The focus of the challenge, problem mapping and analysis, requires teams to choose an intractable problem impacting local and/or global communities. The Global Challenge—supported in Canada by RECODE, the Trico Charitable Foundation and the Skoll Centre at the University of Oxford—is effective as a low barrier entry point for students because it does not dictate prerequisite experience, disciplinary focus, and it leaves all post-challenge paths open – meaning it could be a first step toward a business accelerator or it could be a first step toward a neighbourhood grant or, or, or – the point is, it could lead to innumerable next steps. It is also compelling because it holds the potential to appeal to a student delving deeply into a question for the first time while also appealing to a student clear on their path toward a social purpose business.
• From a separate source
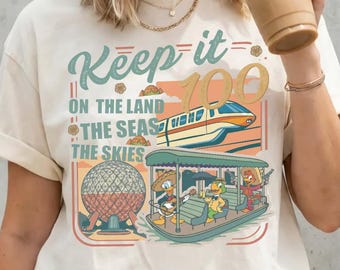 Comfort Colors Keep It 100 On The Land The Seas The Skies Epcot Shirt, Disney Three Caballeros Traveler Matching Tee, Disneyland Family Trip
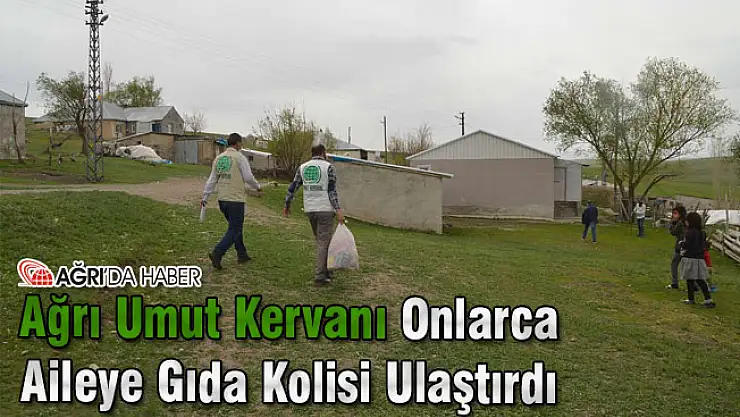 Ağrı Umut Kervanı Onlarca Aileye Gıda Kolisi Ulaştırdı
At UBC, our Centre, in partnership with Sauder’s Centre for Social Innovation and Impact Investing, is encouraging students to consider how they might best integrate the voices of external partners into their team. It is our belief that teams will be stronger if they work with a partner who is either combating the challenge chosen and/or is an expert in the challenge area.

By doing so, and by the University supporting each team in an intentional manner, through workshops and educational resources, the Global Challenge becomes a platform upon which the outputs and ideas generated, draw upon the strengths and assets of all stakeholders engaged, while the process of analysis and iteration, still leave students room to make mistakes, missteps, and to learn – propelling students further down their own path to that very next step, whatever it may be.